Could you output each line of the data that follows exactly?

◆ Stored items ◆
****
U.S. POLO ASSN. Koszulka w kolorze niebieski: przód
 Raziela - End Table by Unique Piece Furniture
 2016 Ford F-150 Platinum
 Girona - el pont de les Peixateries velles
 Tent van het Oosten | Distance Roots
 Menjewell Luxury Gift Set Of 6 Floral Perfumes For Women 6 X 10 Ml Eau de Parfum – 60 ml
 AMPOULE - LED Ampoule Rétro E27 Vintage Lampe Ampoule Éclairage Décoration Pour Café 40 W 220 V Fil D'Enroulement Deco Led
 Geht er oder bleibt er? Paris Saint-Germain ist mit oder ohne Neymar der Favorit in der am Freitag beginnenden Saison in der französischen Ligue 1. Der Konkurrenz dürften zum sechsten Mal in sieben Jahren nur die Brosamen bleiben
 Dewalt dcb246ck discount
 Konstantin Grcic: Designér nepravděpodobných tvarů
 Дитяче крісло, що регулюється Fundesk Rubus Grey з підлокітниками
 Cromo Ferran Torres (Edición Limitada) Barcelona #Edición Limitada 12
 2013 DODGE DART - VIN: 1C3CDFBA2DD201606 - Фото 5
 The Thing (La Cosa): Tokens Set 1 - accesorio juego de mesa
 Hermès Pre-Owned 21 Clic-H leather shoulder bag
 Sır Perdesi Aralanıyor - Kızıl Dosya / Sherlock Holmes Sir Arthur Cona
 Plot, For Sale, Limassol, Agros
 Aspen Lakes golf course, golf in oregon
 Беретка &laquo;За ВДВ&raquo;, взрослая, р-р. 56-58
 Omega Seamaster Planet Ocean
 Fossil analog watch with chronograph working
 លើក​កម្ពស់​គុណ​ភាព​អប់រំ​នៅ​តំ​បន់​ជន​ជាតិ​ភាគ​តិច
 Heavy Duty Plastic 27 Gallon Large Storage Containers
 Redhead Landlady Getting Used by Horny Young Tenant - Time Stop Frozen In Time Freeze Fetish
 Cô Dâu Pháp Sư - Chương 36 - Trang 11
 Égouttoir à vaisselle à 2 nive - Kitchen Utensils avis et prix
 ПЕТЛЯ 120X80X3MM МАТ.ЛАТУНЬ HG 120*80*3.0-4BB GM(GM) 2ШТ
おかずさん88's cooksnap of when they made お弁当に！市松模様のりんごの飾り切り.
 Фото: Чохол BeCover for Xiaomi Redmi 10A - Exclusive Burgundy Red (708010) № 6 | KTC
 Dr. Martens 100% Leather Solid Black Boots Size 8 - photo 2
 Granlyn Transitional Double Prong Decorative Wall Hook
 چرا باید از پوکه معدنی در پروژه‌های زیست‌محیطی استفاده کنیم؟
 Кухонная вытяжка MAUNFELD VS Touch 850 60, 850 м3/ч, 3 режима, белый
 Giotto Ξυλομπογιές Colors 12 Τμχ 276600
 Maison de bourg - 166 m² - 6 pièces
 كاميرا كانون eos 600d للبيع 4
****
◆ Finished task ◆
U.S. POLO ASSN. Koszulka w kolorze niebieski: przód
 Raziela - End Table by Unique Piece Furniture
 2016 Ford F-150 Platinum
 Girona - el pont de les Peixateries velles
 Tent van het Oosten | Distance Roots
 Menjewell Luxury Gift Set Of 6 Floral Perfumes For Women 6 X 10 Ml Eau de Parfum – 60 ml
 AMPOULE - LED Ampoule Rétro E27 Vintage Lampe Ampoule Éclairage Décoration Pour Café 40 W 220 V Fil D'Enroulement Deco Led
 Geht er oder bleibt er? Paris Saint-Germain ist mit oder ohne Neymar der Favorit in der am Freitag beginnenden Saison in der französischen Ligue 1. Der Konkurrenz dürften zum sechsten Mal in sieben Jahren nur die Brosamen bleiben
 Dewalt dcb246ck discount
 Konstantin Grcic: Designér nepravděpodobných tvarů
 Дитяче крісло, що регулюється Fundesk Rubus Grey з підлокітниками
 Cromo Ferran Torres (Edición Limitada) Barcelona #Edición Limitada 12
 2013 DODGE DART - VIN: 1C3CDFBA2DD201606 - Фото 5
 The Thing (La Cosa): Tokens Set 1 - accesorio juego de mesa
 Hermès Pre-Owned 21 Clic-H leather shoulder bag
 Sır Perdesi Aralanıyor - Kızıl Dosya / Sherlock Holmes Sir Arthur Cona
 Plot, For Sale, Limassol, Agros
 Aspen Lakes golf course, golf in oregon
 Беретка &laquo;За ВДВ&raquo;, взрослая, р-р. 56-58
 Omega Seamaster Planet Ocean
 Fossil analog watch with chronograph working
 លើក​កម្ពស់​គុណ​ភាព​អប់រំ​នៅ​តំ​បន់​ជន​ជាតិ​ភាគ​តិច
 Heavy Duty Plastic 27 Gallon Large Storage Containers
 Redhead Landlady Getting Used by Horny Young Tenant - Time Stop Frozen In Time Freeze Fetish
 Cô Dâu Pháp Sư - Chương 36 - Trang 11
 Égouttoir à vaisselle à 2 nive - Kitchen Utensils avis et prix
 ПЕТЛЯ 120X80X3MM МАТ.ЛАТУНЬ HG 120*80*3.0-4BB GM(GM) 2ШТ
おかずさん88's cooksnap of when they made お弁当に！市松模様のりんごの飾り切り.
 Фото: Чохол BeCover for Xiaomi Redmi 10A - Exclusive Burgundy Red (708010) № 6 | KTC
 Dr. Martens 100% Leather Solid Black Boots Size 8 - photo 2
 Granlyn Transitional Double Prong Decorative Wall Hook
 چرا باید از پوکه معدنی در پروژه‌های زیست‌محیطی استفاده کنیم؟
 Кухонная вытяжка MAUNFELD VS Touch 850 60, 850 м3/ч, 3 режима, белый
 Giotto Ξυλομπογιές Colors 12 Τμχ 276600
 Maison de bourg - 166 m² - 6 pièces
 كاميرا كانون eos 600d للبيع 4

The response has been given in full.